I thought I'd post some of my newer pics on here. I don't get around to having very many of them taken, but here are a few from Thanksgiving week. Enjoy!


----------



## Obesus (Dec 3, 2005)

You're telling us over here that you like fat men! Wowzers...gosh....you're pretty dang awesome over there! I know that there is a lot of discussion about whether fat men prefer fat women or thin women, but you just have that perk and pep and spirit! Welcome to the board, fer sure! :bow: 
PS you're purty too! LOL


----------



## fatboy1004 (Dec 3, 2005)

Great pics! And a bbw/ffa/feeder to boot -- what a combo. I think I speak for a lot of us when I say that your pic posts are always welcome.


----------



## Butterbelly (Dec 3, 2005)

Thanks, I'll post more pics sometime soon.


----------



## gorddito (Dec 3, 2005)

oooh i all ways read your journal, and now i have a face to match with those great stories i don't gonna miss it (Mr. chubs is sooo lucky)


----------



## Butterbelly (Dec 4, 2005)

Aww, thanks. I'm glad you like reading my journal, however you might miss out on the better posts if you aren't one of my "LJ friends."


----------



## Goreki (Dec 4, 2005)

good onya for posting those. 
I've wanted to start an ffa thread, or at least see some pictures of my board sisters for a while, but i've been too timid to do anything about it.


----------



## blubberboy767 (Dec 4, 2005)

Now that's one hot BBW! Love the pic of you eating the candy


----------



## Butterbelly (Dec 4, 2005)

Thanks, I enjoyed eating those eclairs too


----------



## Butterbelly (Dec 4, 2005)

Goreki said:


> good onya for posting those.
> I've wanted to start an ffa thread, or at least see some pictures of my board sisters for a while, but i've been too timid to do anything about it.

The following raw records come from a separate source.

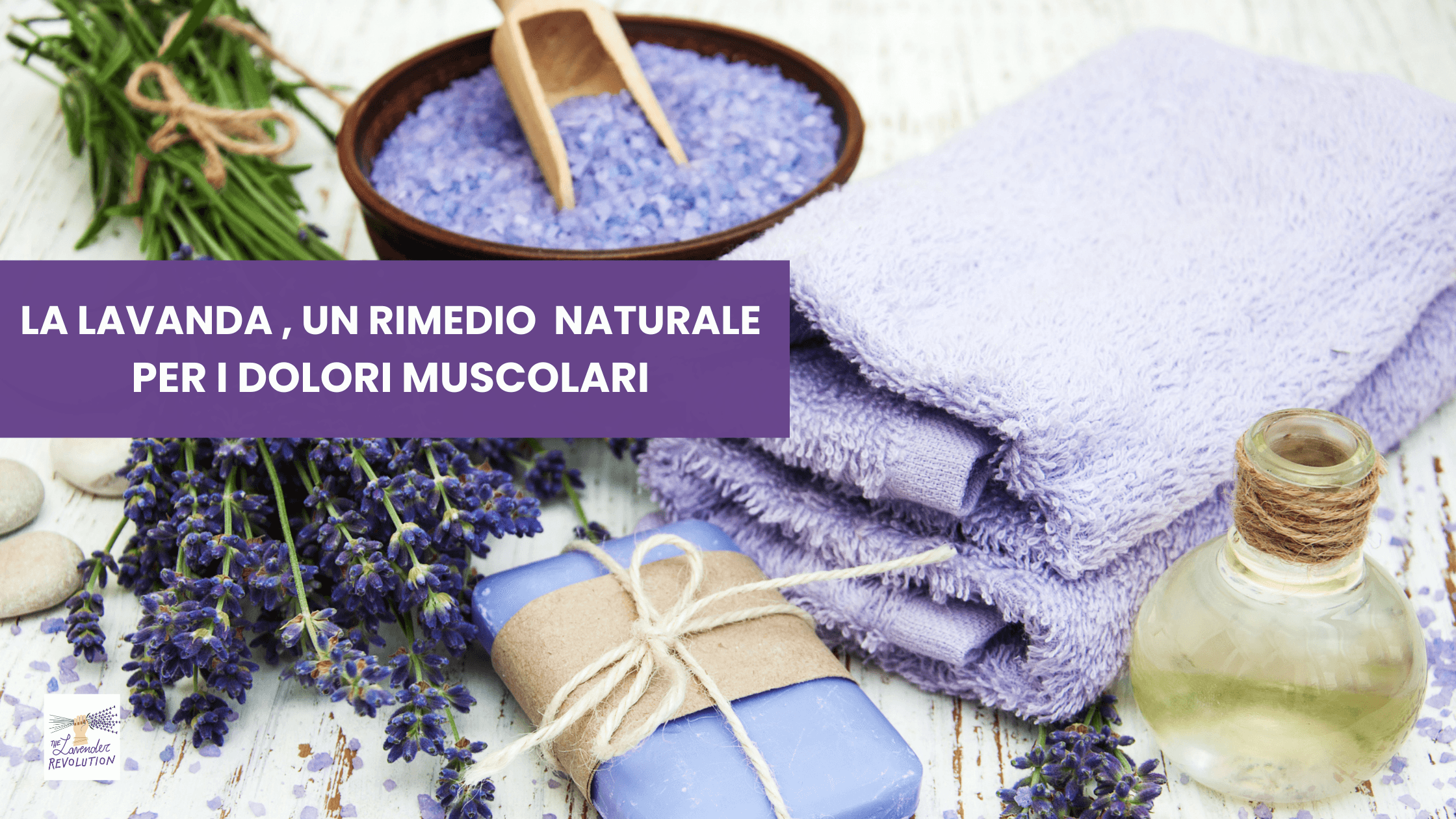 La lavanda per il benessere fisico 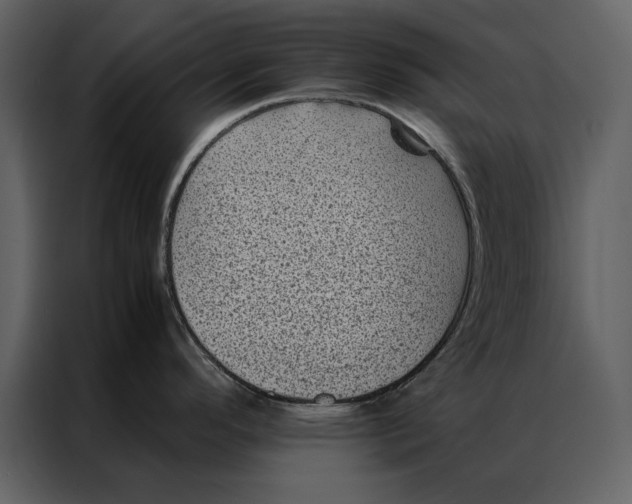 X0000086971296200705071349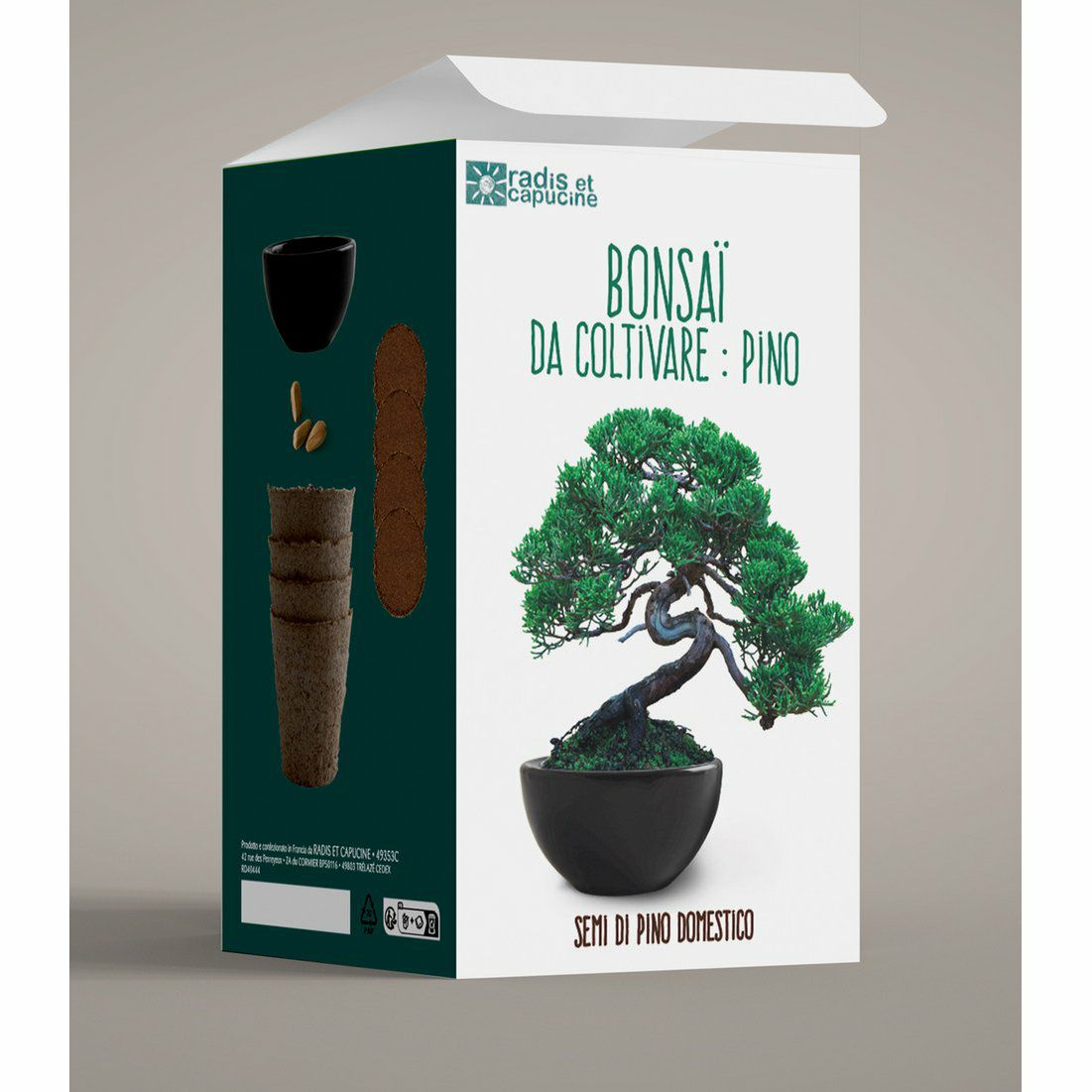 DIY Set Bonsai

No point in being shy...I'll happily start up a FFA thread for you if you want me to...I'm not all that shy


----------



## Butterbelly (Dec 4, 2005)

Obesus said:


> You're telling us over here that you like fat men! Wowzers...gosh....you're pretty dang awesome over there! I know that there is a lot of discussion about whether fat men prefer fat women or thin women, but you just have that perk and pep and spirit! Welcome to the board, fer sure! :bow:
> PS you're purty too! LOL



Thanks, Obesus...I'll keep the pics coming then


----------



## Obesus (Dec 4, 2005)

You have the official blessings of the designated Board Fat Holy Man! LOL  
I read the story about the eclairs and just sighed...very cute! You add a definite pizzazz, zing, zip and powie to the Board! Great having you contributing to the FFA world here! :eat1: :kiss2: 
PS Your lad is very very lucky!



Butterbelly said:


> Thanks, Obesus...I'll keep the pics coming then


----------



## Butterbelly (Dec 5, 2005)

Obesus said:


> PS Your lad is very very lucky!



I sure hope he knows that...I think he does


----------



## Buffetbelly (Dec 5, 2005)

Thank you, on behalf of my fellow BHM-FA's, at least the ones with good taste! And here I thought all the web girl models only liked the skinny guys...


----------



## Butterbelly (Dec 5, 2005)

Thanks, Buffetbelly. I'm not a webgirl model...I've thought about it, but all of the webgirls I've seen are extremely beautiful, and have someone to take their pics all the time...I don't


----------